Процесс становления Бакста как художника был сложным и длительным, манера его, складываясь в течение долгого времени, претерпела множество изменений. Он пробовал свои силы в различных жанрах, достиг известности как тонкий рисовальщик, за ним закрепилась репутация признанного портретиста, однако особое, самое важное и неповторимое место в его творчестве занимал театр.
Игра и фантазия – черты, столь характерные для искусства перелома веков, неизбежно подводили к театру, где эти качества узаконены и необходимы, где стилизация (играющая значительную роль в творчестве всех мирискусников) и воссоздание забытых эпох обоснованы. Казалось, что именно в театре – области, соединяющей многие искусства, можно достичь единства, синтеза искусств. В представлении человека того времени все пронизано театральностью – жизнь, искусство, театр смыкаются в видении мира как вечной игры.

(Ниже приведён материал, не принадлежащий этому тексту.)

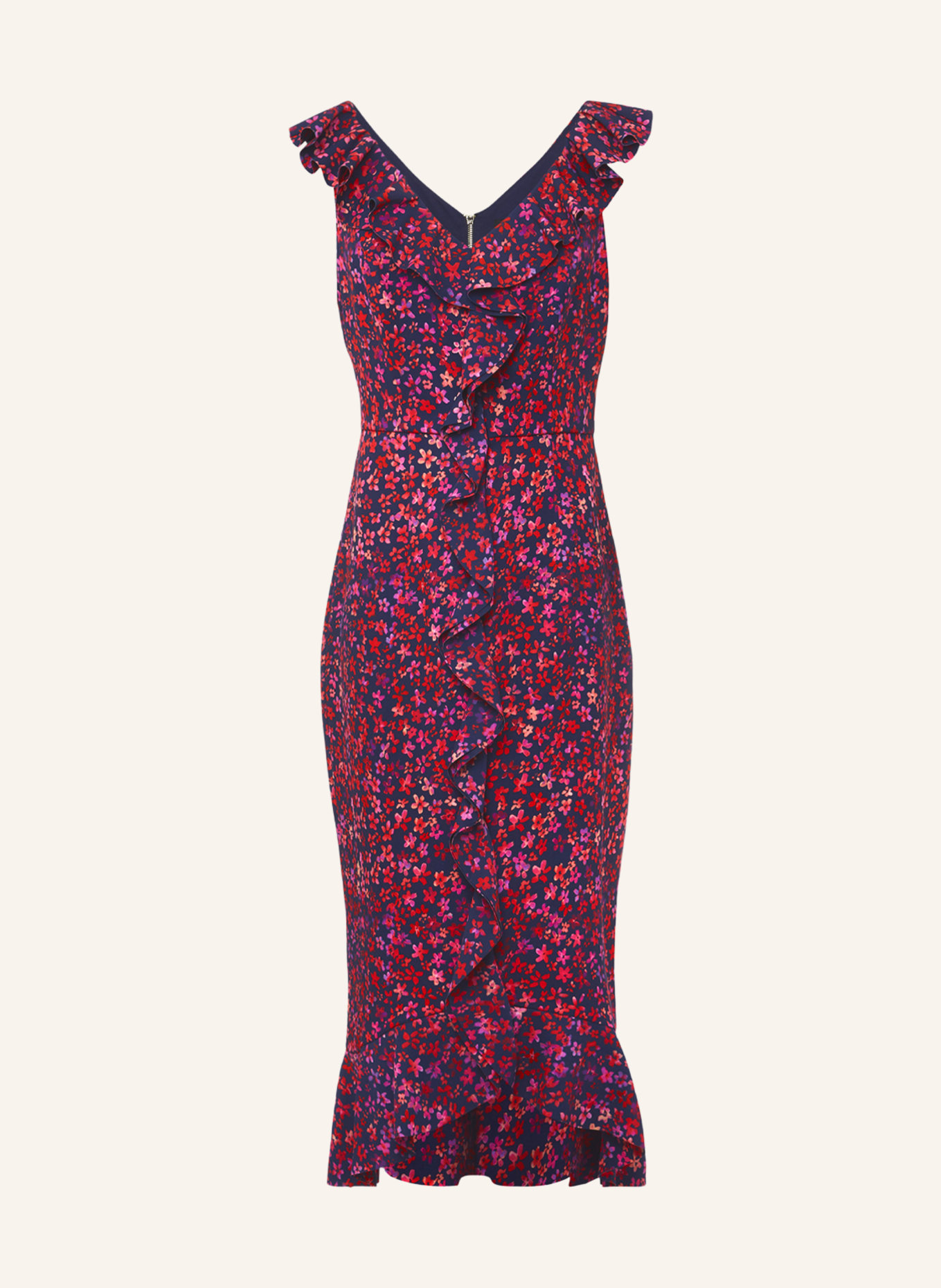 Phase Eight Dress VIOLA, Color: DARK BLUE/ RED/ LIGHT PURPLE (Image 1)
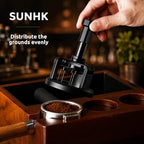 54mm WDT Tool Espresso,Press-to-Rotate Espresso Distribution Tool with Magnetic Base,Adjustable Depth Espresso Needles Distributor Tool,8 Needles Coffee Stirrer Tool for Home and Professional Baristas - Image 5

Именно в театре Бакст полностью «обрел себя», именно здесь пригодились его вкус, образованность, тонкое знание стилей. Он стал центральной фигурой первого периода прославленных «Русских сезонов» Сергея Дягилева, создателем живописного спектакля, в котором роль художника была едва ли не доминирующей, а единство спектакля – преимущественно оптическим. Он был одним из создателей балетов, которые были приняты в Париже с огромным энтузиазмом. Феерическая красочность, магия цвета, страстность и артистичность увлекали и одурманивали зрителя. «Во всем цвела, играла и пела единая буйная живописная стихия. Я помню знаменательный 1909 год и ошеломляющее впечатление новизны, исходившее от всех спектаклей. Париж был подлинно пьян Бакстом», – вспоминал позднее один из критиков. Другой автор призывал на помощь Рембо, чтобы описать красочный алфавит Бакста.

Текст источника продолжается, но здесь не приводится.